_Exercise_
Could you output the whole listing exactly as it stands, minus any images?

_Data shown_
※ ※ ※

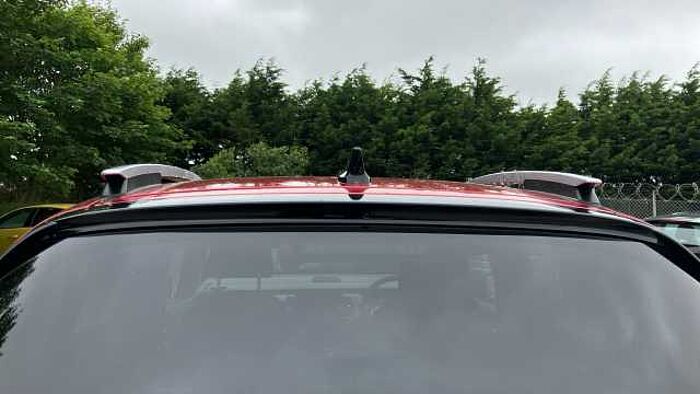 Honda Jazz 1.5 i-MMD Hybrid Crosstar EX 5dr eCVT 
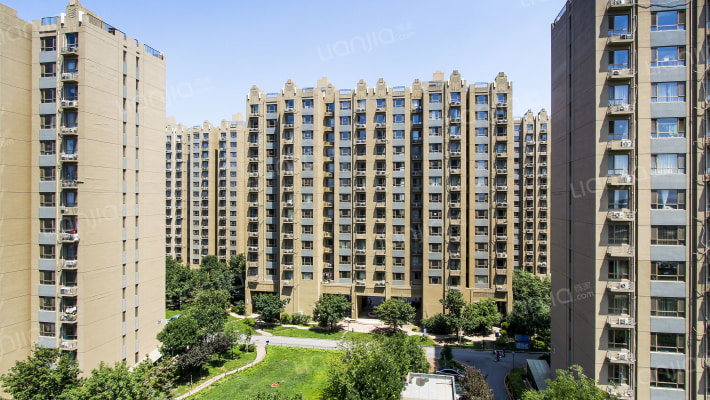 纳帕澜郡外景图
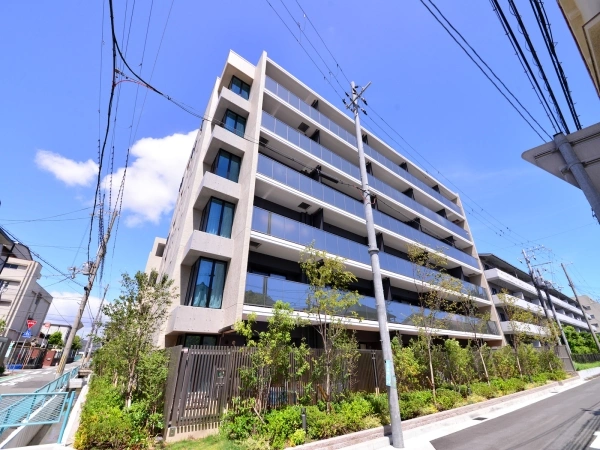 ジオ西宮北口瓦林町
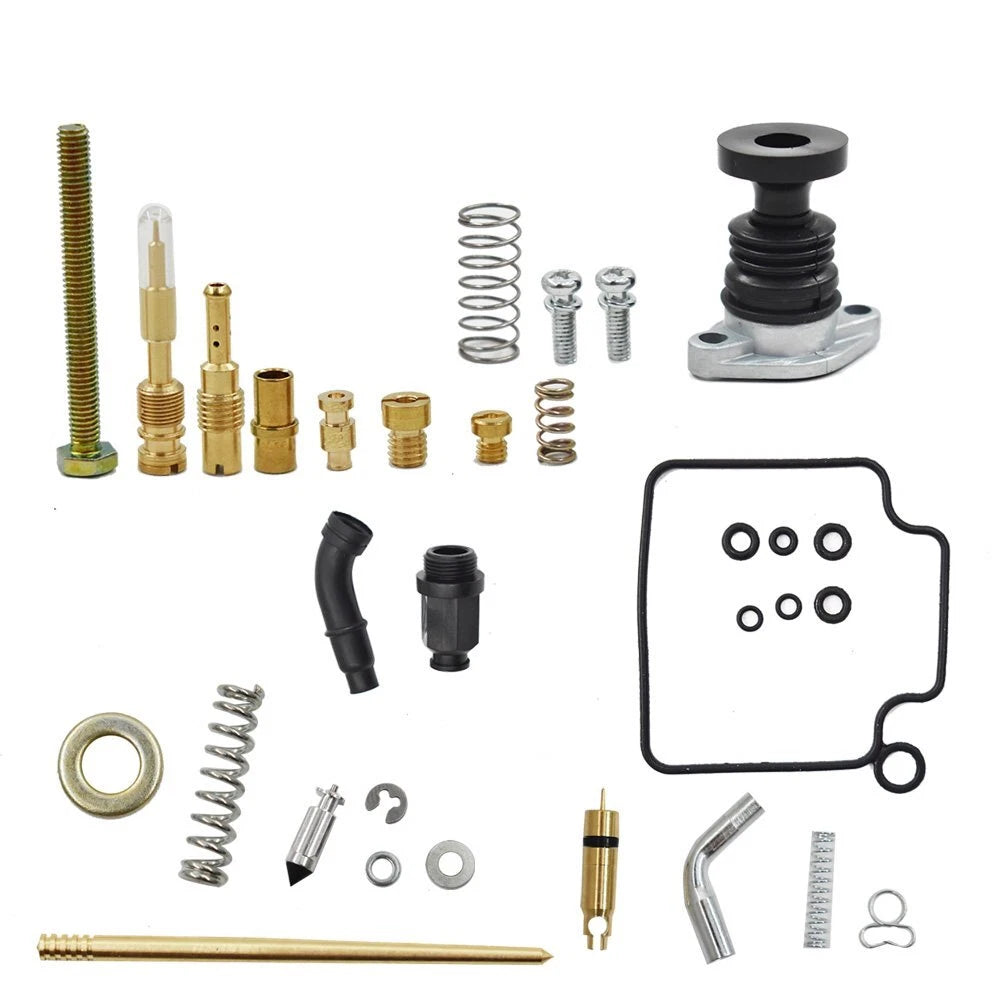 Carburetor Rebuild Kit for Honda Rancher TRX 350 (2000–2003)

※ ※ ※

_Output of the task_
 Honda Jazz 1.5 i-MMD Hybrid Crosstar EX 5dr eCVT 
 纳帕澜郡外景图
 ジオ西宮北口瓦林町
 Carburetor Rebuild Kit for Honda Rancher TRX 350 (2000–2003)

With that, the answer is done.